Data to examine -

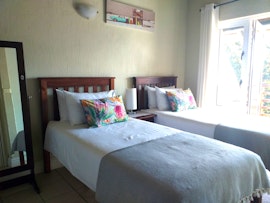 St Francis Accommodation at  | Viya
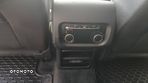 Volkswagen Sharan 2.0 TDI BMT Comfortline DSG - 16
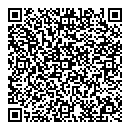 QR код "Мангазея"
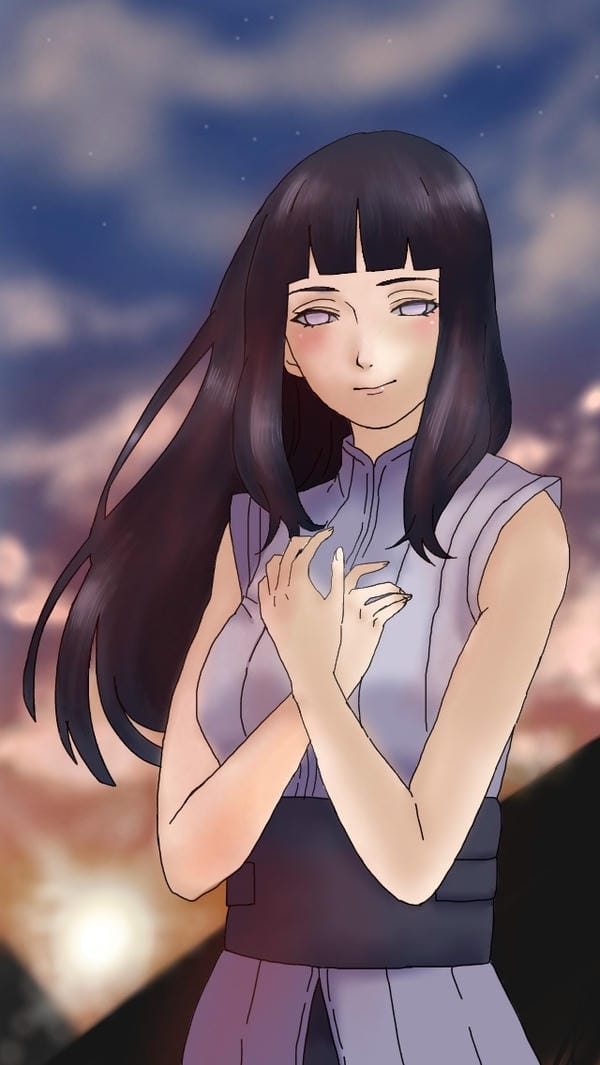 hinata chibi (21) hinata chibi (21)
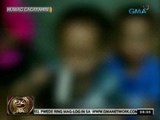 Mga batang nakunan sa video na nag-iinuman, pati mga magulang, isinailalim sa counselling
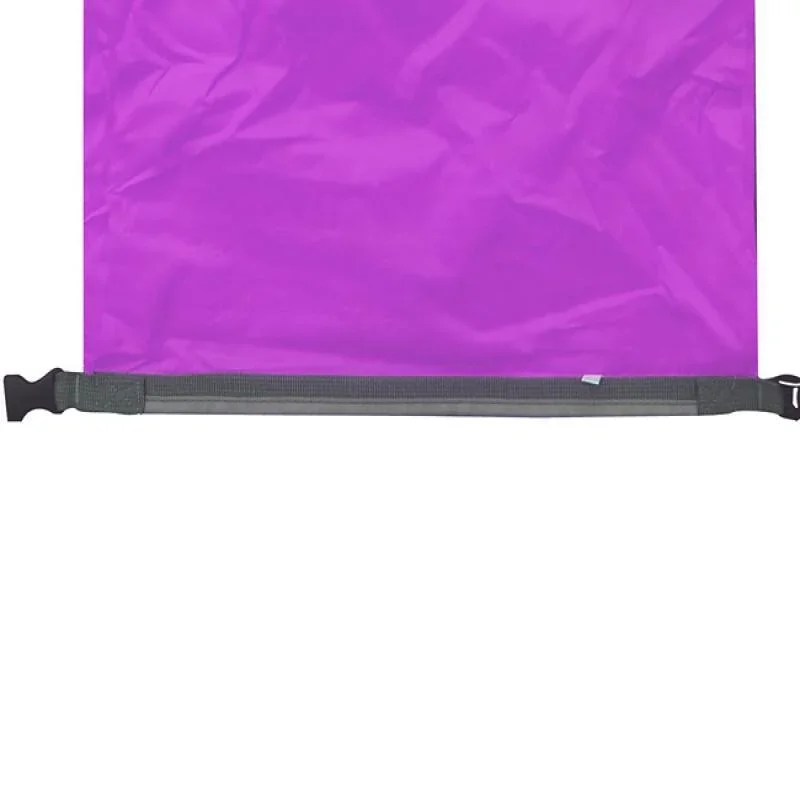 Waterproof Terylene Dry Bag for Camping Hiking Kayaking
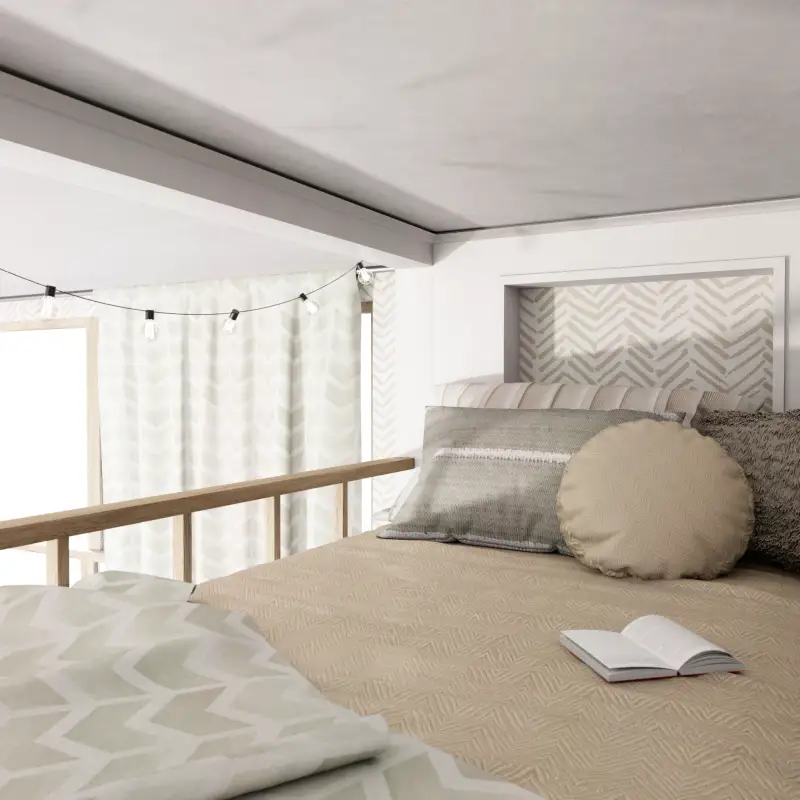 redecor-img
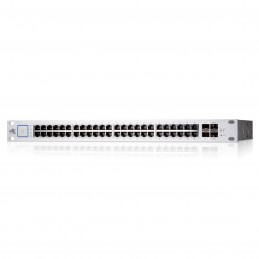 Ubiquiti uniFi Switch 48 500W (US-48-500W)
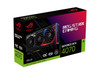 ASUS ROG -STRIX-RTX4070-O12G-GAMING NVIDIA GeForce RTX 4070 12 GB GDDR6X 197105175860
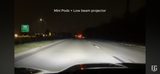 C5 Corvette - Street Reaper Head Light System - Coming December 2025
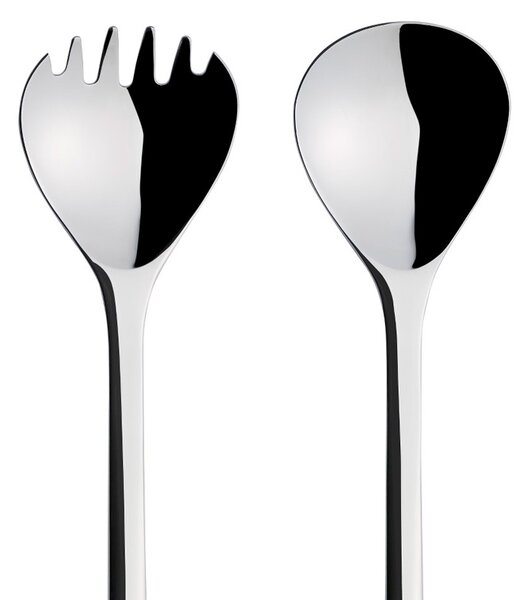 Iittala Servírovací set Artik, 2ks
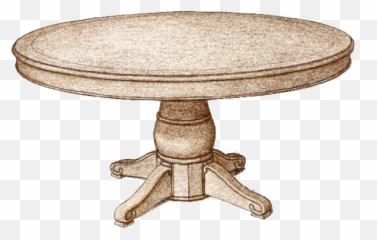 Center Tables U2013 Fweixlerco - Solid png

Work item -
With pictures excluded, copy exactly the lines from the line containing "Iittala Servírovací set Artik, 2ks" through the last line of the listing above, both ends included.

Problem solution -
 Iittala Servírovací set Artik, 2ks
 Center Tables U2013 Fweixlerco - Solid png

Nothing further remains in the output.